A foreign cargo ship in the port of San Juan in the aftermath of Hurricane Maria, September 24, 2017. REUTERS/Carlos Garcia Rawlins
Congressman Gary Palmer (R-AL) and Congresswoman Nydia Velázquez (D-NY) have introduced a bill that would place a 5-year moratorium of the Jones Act in Puerto Rico as the U.S. commonwealth recovers from Hurricane Maria.
The bill, known as the Puerto Rico Humanitarian Act (H.R. 3966), was introduced before the House Transportation and Infrastructure and Armed Services committees last Thursday, one day after the Department of Homeland Security said an extension of the 10-day waiver of the Jones Act in Puerto Rico was not needed. The waiver expired this past Sunday with the DHS determining that there was an “ample supply of Jones Act-qualified vessels to ensure that cargo is able to reach Puerto Rico”.

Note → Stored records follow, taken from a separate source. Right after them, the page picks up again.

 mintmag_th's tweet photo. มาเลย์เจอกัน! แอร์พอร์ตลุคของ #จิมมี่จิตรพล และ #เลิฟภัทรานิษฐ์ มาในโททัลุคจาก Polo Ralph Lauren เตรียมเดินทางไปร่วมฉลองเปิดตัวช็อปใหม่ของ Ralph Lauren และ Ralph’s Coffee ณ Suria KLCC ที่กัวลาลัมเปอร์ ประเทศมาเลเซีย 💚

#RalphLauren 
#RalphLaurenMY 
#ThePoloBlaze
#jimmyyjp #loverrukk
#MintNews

The proposed Puerto Rico Humanitarian Relief Act would a provide a 5-year moratorium of the Jones Act as Puerto Rico recovers and rebuilds in the aftermath of Hurricane Maria, which devastated the island in September.

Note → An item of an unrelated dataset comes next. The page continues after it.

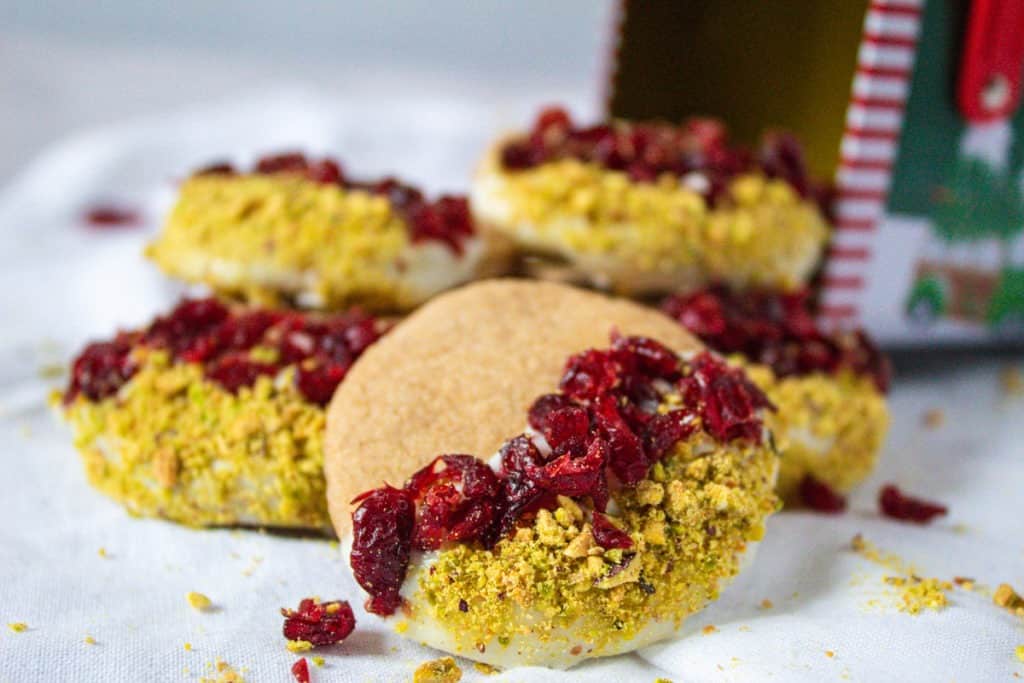 Spiced Shortbread Cookies: Almost Too Pretty to Eat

“The Puerto Rico Humanitarian Relief Act would provide relief from this burdensome regulation and allow Puerto Rico the opportunity to rebuild their island without added costs and delays caused by the requirements of the Jones Act,” Palmer and Velázquez said a joint statement.
In the statement, the two lawmakers pointed to studies by the University of Puerto Rico and Federal Reserve Bank of New York that claim the Jones Act costs Puerto Rico more than $500 million per year and doubles freight rates from the U.S. East Coast to and from the island, respectively.
The statement fails to mention the 2013 U.S. Government Accountability Office report, widely regarded as the most comprehensive report into the Jones Act’s impacts on Puerto Rico to date, which found that it is nearly impossible to determine for certain the extent to which freight rates in U.S. mainland to Puerto Rico trade are higher compared foreign carriers due to the number of determining factors that influence freight rates and product prices. The report however was conclusive in its findings that any modifications of the Jones Act in Puerto Rico raise concerns over the effects on the U.S. merchant marine and the U.S. shipbuilding industry, both of which are beneficial to national security.
“The effects of modifying the application of the Jones Act for Puerto Rico are highly uncertain, and various trade-offs could materialize depending on how the Act is modified,” the GAO clearly stated in its findings.
On Monday, Senator John McCain, R-AZ, urged Congress to pass his own bill seeking to permanently exempt Puerto Rico from the Jones Act. The bill was first proposed September 28.
“Now that the temporary Jones Act waiver for Puerto Rico has expired, it is more important than ever for Congress to pass my bill to permanently exempt Puerto Rico from this archaic and burdensome law,” McCain said in a statement. “Until we provide Puerto Rico with long-term relief, the Jones Act will continue to hinder much-needed efforts to help the people of Puerto Rico recover and rebuild from Hurricane Maria.”
The Jones Act requires that goods shipped between U.S. ports be transported on American-built ships that are owned and crew by Americans.